DATASET EXTRACT below:

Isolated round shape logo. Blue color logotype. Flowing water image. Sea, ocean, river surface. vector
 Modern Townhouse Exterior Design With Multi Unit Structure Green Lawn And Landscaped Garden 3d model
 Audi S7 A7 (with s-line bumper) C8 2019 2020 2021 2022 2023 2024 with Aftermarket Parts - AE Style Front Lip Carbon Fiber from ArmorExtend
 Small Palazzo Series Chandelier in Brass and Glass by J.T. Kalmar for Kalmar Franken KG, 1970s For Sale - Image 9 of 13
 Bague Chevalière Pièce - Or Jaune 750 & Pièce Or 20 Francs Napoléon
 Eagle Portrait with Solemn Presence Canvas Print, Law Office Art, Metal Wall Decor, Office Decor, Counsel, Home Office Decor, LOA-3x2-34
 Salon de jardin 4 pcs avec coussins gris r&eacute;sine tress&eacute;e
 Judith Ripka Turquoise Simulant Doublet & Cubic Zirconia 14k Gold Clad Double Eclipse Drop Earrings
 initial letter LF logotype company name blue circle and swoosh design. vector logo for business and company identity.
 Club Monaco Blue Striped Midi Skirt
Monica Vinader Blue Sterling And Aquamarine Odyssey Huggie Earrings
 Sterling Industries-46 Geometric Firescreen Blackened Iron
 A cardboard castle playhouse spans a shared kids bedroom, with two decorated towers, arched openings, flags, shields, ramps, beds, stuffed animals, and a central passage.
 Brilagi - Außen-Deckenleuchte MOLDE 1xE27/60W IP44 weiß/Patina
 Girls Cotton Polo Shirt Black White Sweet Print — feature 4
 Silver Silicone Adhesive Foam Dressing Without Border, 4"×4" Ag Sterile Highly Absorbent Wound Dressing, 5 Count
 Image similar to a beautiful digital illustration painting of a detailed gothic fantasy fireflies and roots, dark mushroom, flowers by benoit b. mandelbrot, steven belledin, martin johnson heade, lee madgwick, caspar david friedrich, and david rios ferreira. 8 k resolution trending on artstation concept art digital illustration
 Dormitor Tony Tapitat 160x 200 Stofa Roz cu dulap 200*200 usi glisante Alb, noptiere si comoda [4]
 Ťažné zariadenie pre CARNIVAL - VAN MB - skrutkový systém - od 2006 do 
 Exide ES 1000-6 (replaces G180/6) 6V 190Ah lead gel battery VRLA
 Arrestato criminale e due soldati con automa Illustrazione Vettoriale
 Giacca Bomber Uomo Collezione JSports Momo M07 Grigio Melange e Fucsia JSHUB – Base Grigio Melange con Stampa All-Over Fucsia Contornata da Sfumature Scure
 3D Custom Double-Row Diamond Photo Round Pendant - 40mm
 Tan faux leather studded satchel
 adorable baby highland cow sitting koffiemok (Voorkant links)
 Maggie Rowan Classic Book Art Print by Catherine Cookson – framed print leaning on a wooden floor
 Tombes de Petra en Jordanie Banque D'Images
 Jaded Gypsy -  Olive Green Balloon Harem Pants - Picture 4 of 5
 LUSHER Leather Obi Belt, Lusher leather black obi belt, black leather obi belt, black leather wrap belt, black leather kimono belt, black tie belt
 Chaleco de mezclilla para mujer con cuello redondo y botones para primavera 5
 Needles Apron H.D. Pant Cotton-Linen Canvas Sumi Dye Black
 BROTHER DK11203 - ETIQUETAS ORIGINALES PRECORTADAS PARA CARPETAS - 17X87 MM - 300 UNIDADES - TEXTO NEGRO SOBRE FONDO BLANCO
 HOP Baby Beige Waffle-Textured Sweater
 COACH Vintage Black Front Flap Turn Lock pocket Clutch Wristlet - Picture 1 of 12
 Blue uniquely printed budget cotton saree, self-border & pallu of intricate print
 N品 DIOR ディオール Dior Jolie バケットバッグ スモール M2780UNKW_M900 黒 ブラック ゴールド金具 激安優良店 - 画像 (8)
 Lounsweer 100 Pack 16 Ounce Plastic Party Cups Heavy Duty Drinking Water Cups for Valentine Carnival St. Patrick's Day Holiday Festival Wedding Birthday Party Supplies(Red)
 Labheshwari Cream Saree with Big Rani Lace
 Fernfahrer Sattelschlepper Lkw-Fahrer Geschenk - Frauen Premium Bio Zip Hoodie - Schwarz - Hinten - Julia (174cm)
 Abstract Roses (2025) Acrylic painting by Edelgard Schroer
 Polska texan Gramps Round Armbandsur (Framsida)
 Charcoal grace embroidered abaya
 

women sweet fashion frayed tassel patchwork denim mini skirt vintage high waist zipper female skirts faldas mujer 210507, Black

End of DATASET EXTRACT.

INSTRUCTIONS TO FOLLOW
The reply should hold only the lines from the first line of the listing above through the line with "Eagle Portrait with", each copied exactly.

ANSWER AREA
Isolated round shape logo. Blue color logotype. Flowing water image. Sea, ocean, river surface. vector
 Modern Townhouse Exterior Design With Multi Unit Structure Green Lawn And Landscaped Garden 3d model
 Audi S7 A7 (with s-line bumper) C8 2019 2020 2021 2022 2023 2024 with Aftermarket Parts - AE Style Front Lip Carbon Fiber from ArmorExtend
 Small Palazzo Series Chandelier in Brass and Glass by J.T. Kalmar for Kalmar Franken KG, 1970s For Sale - Image 9 of 13
 Bague Chevalière Pièce - Or Jaune 750 & Pièce Or 20 Francs Napoléon
 Eagle Portrait with Solemn Presence Canvas Print, Law Office Art, Metal Wall Decor, Office Decor, Counsel, Home Office Decor, LOA-3x2-34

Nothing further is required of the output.